(Beginning of Data section)
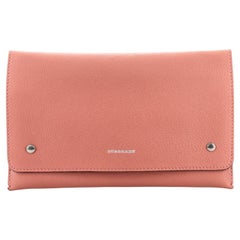 Burberry Pearson Clutch Leather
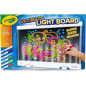 Crayola Ultimate Light Board Blanc - Tablette de Dessin LED pour Enfants, Cadeau Noël, Art & Jeux 6+ Crayola Ultimate Light Board Blanc - Tablette de Dessin LED pour Enfants, Cadeau Noël, Art & Jeux 6+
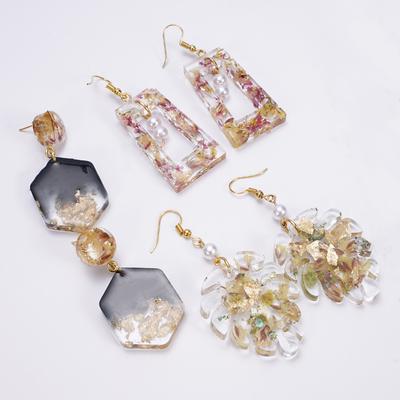 DIY Tool Silicone Mold for Earrings Pendant - Handmade Jewelry Making Mould UV Epoxy Resin Compatible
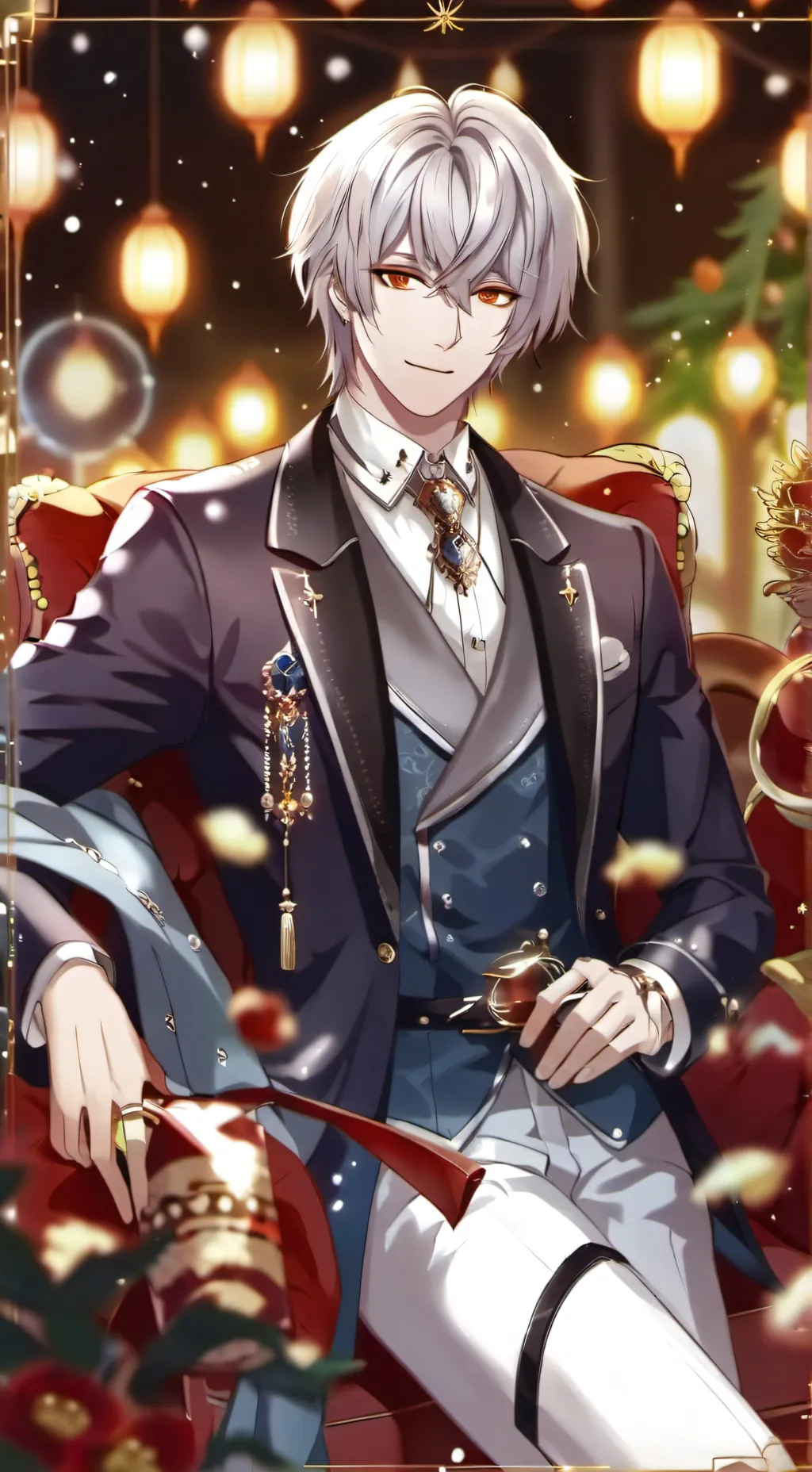 ai character: Kyle background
(End of Data section)
* **Assigned task**:
From the material above, output every line exactly as written, dropping any picture.

* **Completed task**:
 Burberry Pearson Clutch Leather
 Crayola Ultimate Light Board Blanc - Tablette de Dessin LED pour Enfants, Cadeau Noël, Art & Jeux 6+ Crayola Ultimate Light Board Blanc - Tablette de Dessin LED pour Enfants, Cadeau Noël, Art & Jeux 6+
 DIY Tool Silicone Mold for Earrings Pendant - Handmade Jewelry Making Mould UV Epoxy Resin Compatible
 ai character: Kyle background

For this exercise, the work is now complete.